Word for word, quote the lines from the one containing "Here we also" to the end of the entries below, including both. Leave pictures out.
BEGIN PROVIDED DATA
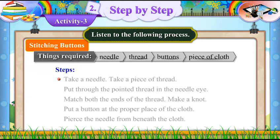Steps. Take a needle. Take a piece of thread. Put the pointed thread through the needle eye.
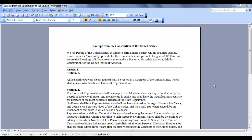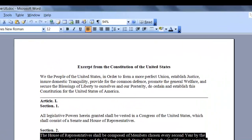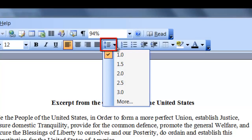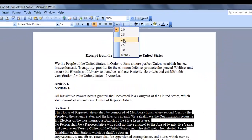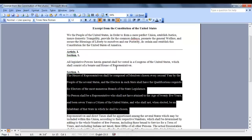As you can see, we have an excerpt from the Constitution of the United States and it is single-spaced. I'm going to highlight a couple of paragraphs and on the formatting toolbar, I'm going to click on the down arrow next to the line spacing icon. There are many choices, but since we want the double spacing, we're going to choose 2.0. As you can see, the highlighted paragraphs are now double-spaced.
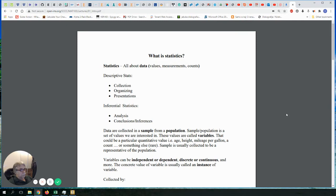Statistics is probably the most important part of mathematics. It is still considered part of mathematics, even though some schools have statistics in the business department. In general, it is considered part of mathematics — in fact, one of every three mathematicians is actually a statistician, so it is a very important field.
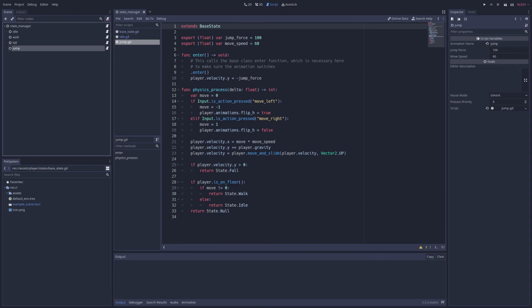In the physics process function, we handle the physics simulation and change states as needed using a custom move speed variable just in case we want the player to move at a different speed while in the air. And this is exposed in the editor so it will make it very easy to iterate on and tweak.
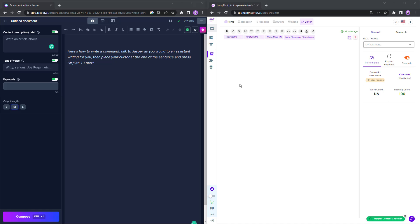Hello there, in this video we'll be looking at Longshot's split screen test with Jasper AI. We'll be looking at some of the features and how they are different for each of these tools. So without further ado, let's jump right in.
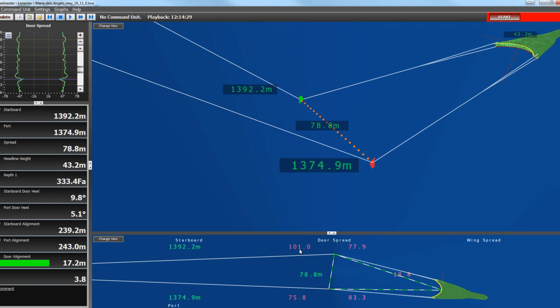Here we also see the numbers in red. These are actually angles. So 101 is this angle, 75.8 is this angle, 77.9 is this angle going back to the center of the headline. This 18.8 is this angle here, and the 83.3 is this angle, the Port Angle.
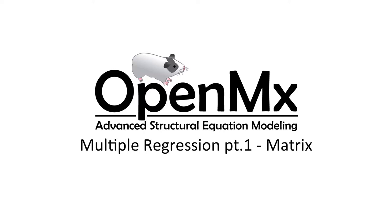Hello and welcome to the OpenMx video tutorial series. In this video we will be conducting a multiple regression analysis using OpenMx.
END PROVIDED DATA
- _WRITTEN RESPONSE_:
Here we also see the numbers in red. These are actually angles. So 101 is this angle, 75.8 is this angle, 77.9 is this angle going back to the center of the headline. This 18.8 is this angle here, and the 83.3 is this angle, the Port Angle.
Hello and welcome to the OpenMx video tutorial series. In this video we will be conducting a multiple regression analysis using OpenMx.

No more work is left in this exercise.